I cant find his step by step bios flash guide for fan speed anymore.. but heres a screenshot attached..
i TRIED bios flashing using the look up table but i alwayz got a winflash error.


the screenshot sucks on here.... you cant really tell BUT i put in Tmin 38 and Tmax 81...

i found those settings by someone else on the net and i like them.


----------



## campdude (Aug 5, 2008)

http://forums.whirlpool.net.au/forum-replies-archive.cfm/1020578.html


i found his guide!!!!!


----------



## Humble (Aug 23, 2008)

Hello everyone... 
I'm using PowerColor HD4870 PCS+ with Zerotherm cooling and I have a similar problem with TS.

Please take a look at the BIOS' fan speed setting:






And with that default setting, it results in high temp like this, which I think is not too good for the card and my internal casing temp:






It seems that PowerColor intentionally sets the BIOS fan speed setting to this card to maintain the card operational temp at min. 70C! 

I wish to change a little bit of the BIOS fan setting by using RBE 1.1.4 and editing the "Look Up Table" a bit. But, everytime when I want to save the edited BIOS, the "PWM Ramp On" options is automatically turned ON by itself. Meanwhile the stock BIOS come with the "Look Up Table" method with "PWM Ramp On" unchecked.
But the option "PWM Ramp On" isn't turned ON when saving, if I use the "Transfer Function" method.

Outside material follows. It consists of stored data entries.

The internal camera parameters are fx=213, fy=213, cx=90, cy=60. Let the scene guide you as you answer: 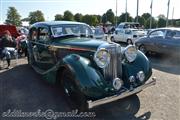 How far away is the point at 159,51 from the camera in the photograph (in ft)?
34.0

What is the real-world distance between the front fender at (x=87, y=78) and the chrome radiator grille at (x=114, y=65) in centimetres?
26

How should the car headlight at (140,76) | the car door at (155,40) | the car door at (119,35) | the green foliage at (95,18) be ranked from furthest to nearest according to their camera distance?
the green foliage at (95,18) → the car door at (119,35) → the car door at (155,40) → the car headlight at (140,76)

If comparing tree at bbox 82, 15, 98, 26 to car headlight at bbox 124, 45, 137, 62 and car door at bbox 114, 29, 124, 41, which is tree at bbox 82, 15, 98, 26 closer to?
car door at bbox 114, 29, 124, 41

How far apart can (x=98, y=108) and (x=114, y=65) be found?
3.38ft

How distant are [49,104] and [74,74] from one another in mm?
1284

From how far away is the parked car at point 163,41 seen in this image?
963cm

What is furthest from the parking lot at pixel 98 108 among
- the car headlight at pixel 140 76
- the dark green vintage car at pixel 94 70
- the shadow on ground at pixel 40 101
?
the car headlight at pixel 140 76

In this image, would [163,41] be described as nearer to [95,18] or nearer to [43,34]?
[43,34]

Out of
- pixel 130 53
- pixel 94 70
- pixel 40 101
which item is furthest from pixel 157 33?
pixel 40 101

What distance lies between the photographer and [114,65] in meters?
4.51

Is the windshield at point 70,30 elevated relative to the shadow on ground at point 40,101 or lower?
elevated

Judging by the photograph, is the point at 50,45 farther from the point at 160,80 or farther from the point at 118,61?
the point at 160,80

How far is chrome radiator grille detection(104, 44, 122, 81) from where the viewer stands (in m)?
4.41

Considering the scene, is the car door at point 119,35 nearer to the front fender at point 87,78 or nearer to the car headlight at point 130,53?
the car headlight at point 130,53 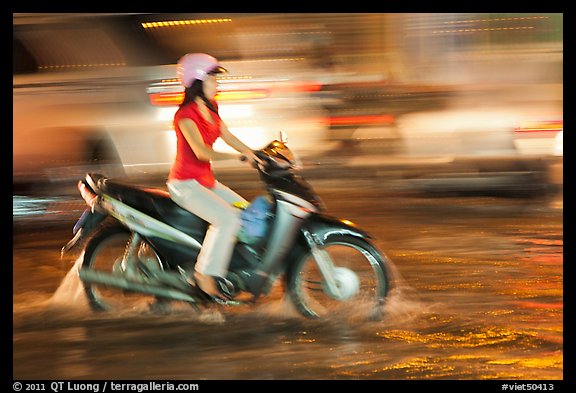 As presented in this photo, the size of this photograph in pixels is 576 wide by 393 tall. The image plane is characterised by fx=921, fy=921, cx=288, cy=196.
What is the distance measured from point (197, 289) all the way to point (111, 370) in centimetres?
84

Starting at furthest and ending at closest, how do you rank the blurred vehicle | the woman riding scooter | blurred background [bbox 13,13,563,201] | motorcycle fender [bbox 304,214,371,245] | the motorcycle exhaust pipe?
blurred background [bbox 13,13,563,201], the blurred vehicle, the motorcycle exhaust pipe, motorcycle fender [bbox 304,214,371,245], the woman riding scooter

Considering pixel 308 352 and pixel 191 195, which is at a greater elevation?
pixel 191 195

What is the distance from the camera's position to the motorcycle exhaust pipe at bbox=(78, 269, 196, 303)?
5.96 m

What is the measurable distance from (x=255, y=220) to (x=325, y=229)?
17.6 inches

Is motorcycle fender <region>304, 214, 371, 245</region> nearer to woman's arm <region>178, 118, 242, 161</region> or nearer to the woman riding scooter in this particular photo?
the woman riding scooter

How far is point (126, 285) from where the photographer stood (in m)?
6.04

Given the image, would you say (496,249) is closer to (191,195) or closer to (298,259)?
(298,259)

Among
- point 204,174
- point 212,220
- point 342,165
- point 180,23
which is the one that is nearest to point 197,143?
point 204,174

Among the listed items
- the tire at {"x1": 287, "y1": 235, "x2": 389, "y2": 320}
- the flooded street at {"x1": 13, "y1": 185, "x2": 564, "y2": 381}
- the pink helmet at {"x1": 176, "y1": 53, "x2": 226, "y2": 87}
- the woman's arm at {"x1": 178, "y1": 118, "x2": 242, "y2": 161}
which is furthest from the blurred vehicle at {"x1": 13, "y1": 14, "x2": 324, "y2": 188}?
the tire at {"x1": 287, "y1": 235, "x2": 389, "y2": 320}

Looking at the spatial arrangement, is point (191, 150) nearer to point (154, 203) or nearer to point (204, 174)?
point (204, 174)

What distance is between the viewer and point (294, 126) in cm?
893

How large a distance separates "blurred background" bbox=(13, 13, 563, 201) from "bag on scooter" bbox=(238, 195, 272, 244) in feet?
5.82

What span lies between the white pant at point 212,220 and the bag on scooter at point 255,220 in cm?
6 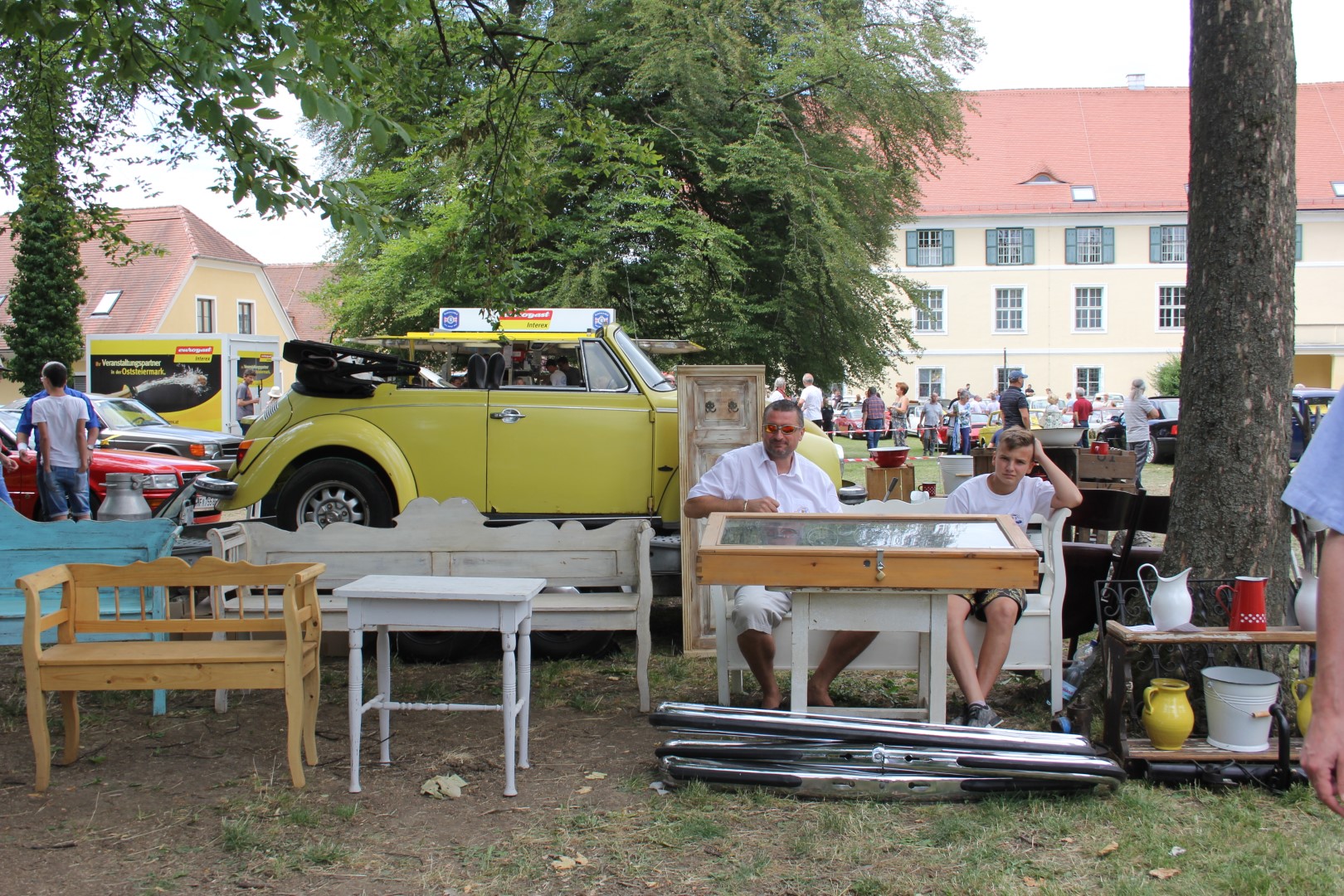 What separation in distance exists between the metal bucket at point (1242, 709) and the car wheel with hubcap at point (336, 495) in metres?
4.96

Will my card be work fine if I flash the edited BIOS with "Look Up Table" method and "PWM Ramp On" enabled? I'm not sure about this, since my card's fan only use 3 power wires (not 4 wires as the HD4870's stock cooler fan) and the missing wires is the blue one.
Please help...

One more thing, I already read that RBE offers BIOS fix for the HD4870 spin-up bug. And I can confirm that my card also suffer from the same problem. Will this BIOS fix work fine for my custom cooler HD4870 card?

Thanks in advance.


----------



## LuxZg (Aug 27, 2008)

If someone is willing to confirm, I think I know what causes stuttering

Actualy, has nothing to do with RBE. I had it on stock BIOS as well.

Ingredients:
- Vista (I have SP1 64bit, not sure about if onyl this version or any Vista)
- any GPU sensor polling application (GPUZ, Everest etc)

Regarding first post by 2DividedByZero:
If you close GPU-Z, you will not have stutters. If you disable that option on bottom of sensors tab-you get no stutter (talking about "Continue refreshing this screen.." option)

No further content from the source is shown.